Без малого лет двадцать назад я уже писала на этих страницах о писателе по фамилии Андрухович и о трех его романах, которые были главными на тот момент романами новой украинской литературы[1]. Но время идет, литературная история развивается стремительно, и нынче на слуху снова автор(ка) по фамилии Андрухович. Это уже следующее литературное поколение, дочь Патриарха Бу-Ба-Бу София Юрьевна Андрухович, 1982 г. р., писательница с солидным послужным списком и хорошей премиальной историей. У нее в активе тоже как минимум три резонансных романа. С первым, «женским», рискованно откровенным («Семга», 2007), она, похоже, опередила время: сегодня он стал бы манифестом модного радфем-проекта, а тогда критики обозвали его «генитальным дурдомом». Впрочем, София наперед обыграла и это: на эффектной обложке была недвусмысленно изображена та самая семга-вагина в разрезе — понимайте как хотите.

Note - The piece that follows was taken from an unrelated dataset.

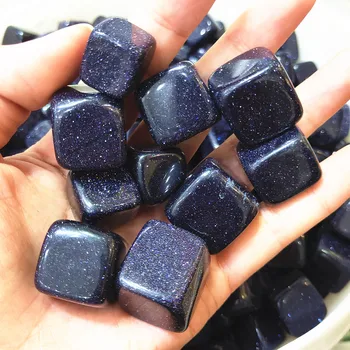 Krystal Spadl kámen přírodní Modrá pískovec Křemenný štěrk cube palm kámen Reiki Léčení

С другой стороны, появись «Семга» сейчас, она бы выглядела еще одним опытом «проектной литературы», скучным, как все, что пишется по соцзаказу. А тогда это было провокацией и едва ли не первой серьезной попыткой написать «про это» по-украински, на «женском» языке и из «женской головы». Через семь лет вышел «Феликс Австрия» («Книга года ВВС — 2014»), бидермайер в галицких декорациях: на поверхности — причудливая гастрономия (Галиция глазами туриста), а внутри сюжетного приема (служанка-госпожа) — психологическая метафора с выходом на «историю с географией».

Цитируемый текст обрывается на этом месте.